◆ What the task asks
Leave out the pictures and restate the rest of the data exactly.
** Opening Input records block **
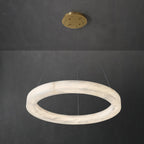 Clérachic chandelier in a large ring size, the alabaster glowing evenly the whole way round its circumference.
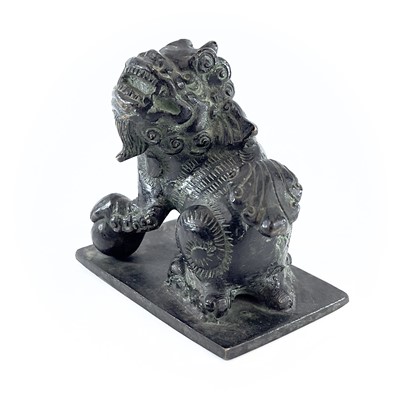 Lot 203 - A Chinese bronze of model of a dog of fo, the...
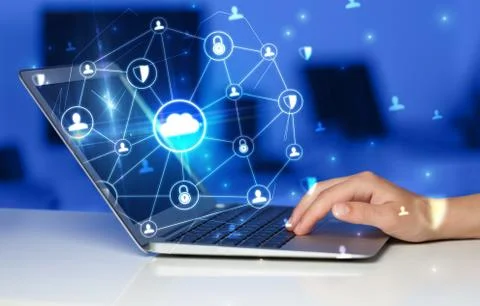 Hand using laptop with centralized linked cloud system concept Stock Photos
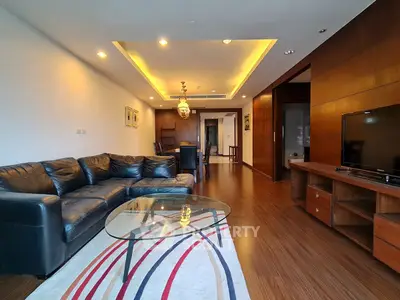Spacious modern living room with leather sofa and stylish decor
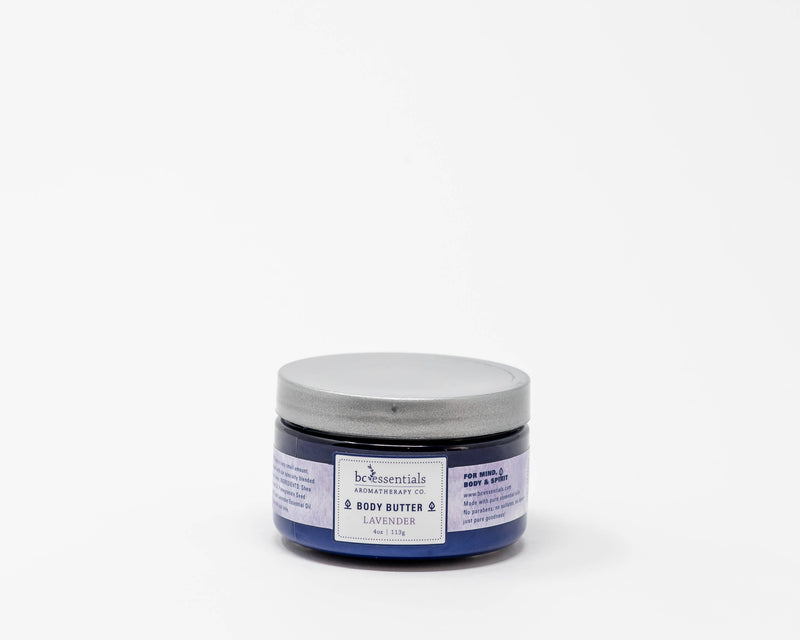 A jar of BC Essentials Lavender Body Butter 4oz, placed against a plain white background. The container has a silver lid and is labeled in blue and white.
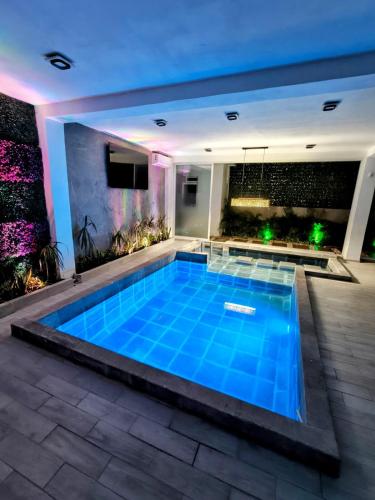 a swimming pool in the middle of a house at Private house with two pools for up to 25 people in Atlacholoaya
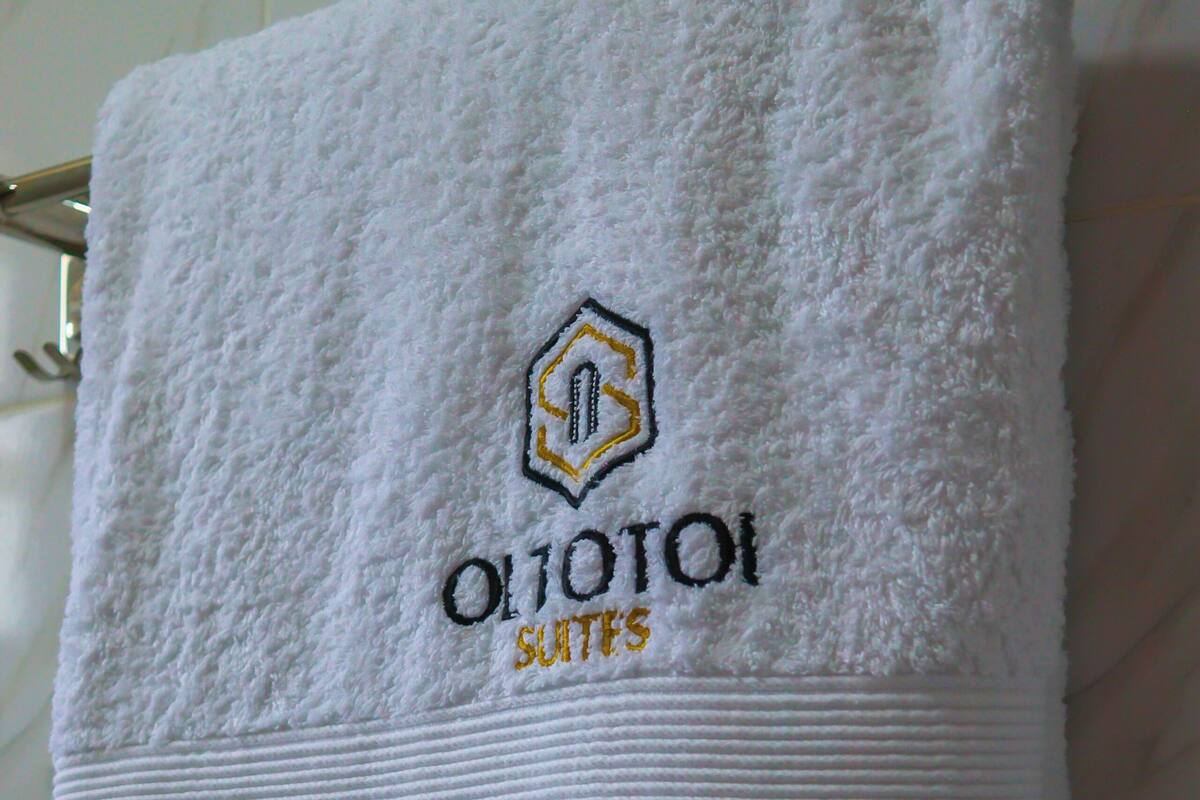 A white towel with embroidered text and a logo, hanging on a metal towel rack.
** Closing Input records block **
◆ Solution
 Clérachic chandelier in a large ring size, the alabaster glowing evenly the whole way round its circumference.
 Lot 203 - A Chinese bronze of model of a dog of fo, the...
 Hand using laptop with centralized linked cloud system concept Stock Photos
Spacious modern living room with leather sofa and stylish decor
 A jar of BC Essentials Lavender Body Butter 4oz, placed against a plain white background. The container has a silver lid and is labeled in blue and white.
 a swimming pool in the middle of a house at Private house with two pools for up to 25 people in Atlacholoaya
 A white towel with embroidered text and a logo, hanging on a metal towel rack.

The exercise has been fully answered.